Shell Games in Africa

Shell Games in Africa

panamapapershidemoneyEver since the leak last week Kenya’s Daily Nation has published multiple stories of hanky panky exposed by the Panama Papers. One of their best is about a shady Danish character who has terrorized Kenya for some time, and the story makes Agatha Christi look like a children’s author.

Peter Bonde Nielsen arrived in Kenya some 30 years ago and learned quickly the political racket. (In the U.S. we call it “lobby.”) He was often seen among the most powerful politicians.

Then, he was rich.

His penultimate scandal was a few years ago just as Kenya was designating a huge amount of land near the town of Kajiado for a massive industrial and high-tech development scheme. Surprise, Nielsen owned a lot of the land.

But as often happens with tricky surveys, the airstrip was laid over various plots owned by different people before they were contacted or bought out. Nielsen, who had built a luxury private lodge in the area to woo his politicians was so furious that he turned his anti-poaching unit into a fully armed militia.

Meanwhile the true owners of the place, two different clans of Maasai, began to argue over the ownership of this increasingly valuable land and challenged Nielsen’s militia. Skirmishes, gun battles and fatalities ensued.

Not good for PR. Nielsen’s influence began to slip.

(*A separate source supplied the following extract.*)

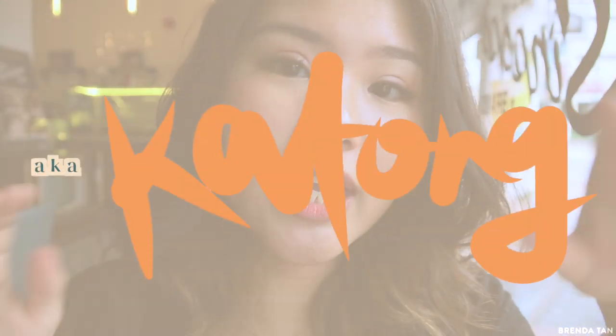Hello and welcome to another episode of Snub. I am Brenda. Today we're going to be exploring the Joo Chiat East Coast kind of area. I'm sort of familiar with it but not really. So I have a friend here who has super good recommendations. Her name is Shermaine, she's also a food blogger.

Nielsen’s official Kenyan company was called Avon.

[Important Digression: there are more “Avon” companies in the world than under any other name. Guess why?]

The address of Nielsen’s “Avon” was Titan Hangar, Wilson Airport. As the heat on Nielsen increased he bought a company, called Titan Worldwide Ltd. (TW) [no website] through Mossack Fonseca, the law firm central to the Panama Papers.

Don’t confuse TW with Titan Aviation that owned the hanger which was the address of Avon, and please don’t confuse it with Atlas Air Worldwide, the actual owner and parent company.

Backed by references from Kenya’s reputable Stanbic Bank Nielsen transfers the shares of the companies that previously owned Titan, Europan and Lespian [no wesbite], to Avon. So he now owned Titan, technically didn’t own Avon, which was now owned by the people who previously owned Titan.

Confusing? Intentionally so.

Then two years ago Avon is sold to a Mossack Fonseca law firm in the British Virgin Islands, Harneys, allowing Avon to remove all its assets and records from Kenya. There is now nothing left in Kenya with which to investigate Nielsen.

This story shows that illicit fund transfers aren’t simply theft, but masterful paths for all kinds of deceit.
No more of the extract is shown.